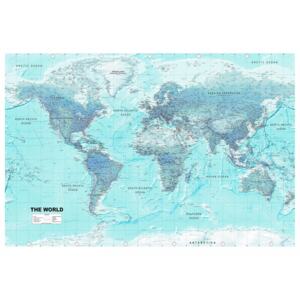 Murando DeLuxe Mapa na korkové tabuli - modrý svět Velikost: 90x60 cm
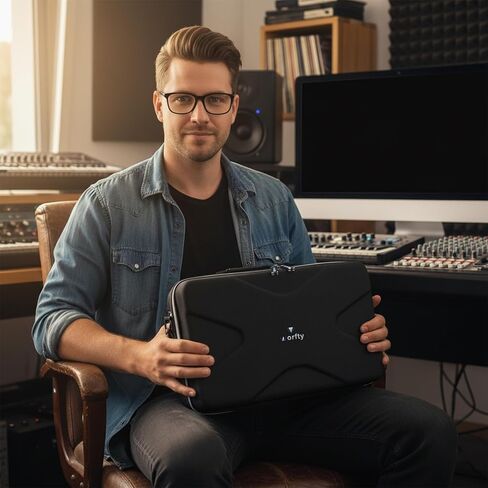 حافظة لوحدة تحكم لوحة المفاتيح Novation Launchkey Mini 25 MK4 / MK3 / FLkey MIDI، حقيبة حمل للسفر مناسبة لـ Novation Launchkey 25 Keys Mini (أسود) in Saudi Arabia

==

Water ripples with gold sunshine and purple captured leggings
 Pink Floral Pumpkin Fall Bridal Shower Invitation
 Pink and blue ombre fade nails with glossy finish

...

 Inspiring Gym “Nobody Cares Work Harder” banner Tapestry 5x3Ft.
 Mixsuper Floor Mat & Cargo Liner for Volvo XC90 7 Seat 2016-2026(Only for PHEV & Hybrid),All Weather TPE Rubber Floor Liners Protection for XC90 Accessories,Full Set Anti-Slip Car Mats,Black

# Exercise details
In the records above, find every line that contains the word "with" and copy it.

# Solution
Water ripples with gold sunshine and purple captured leggings
 Pink and blue ombre fade nails with glossy finish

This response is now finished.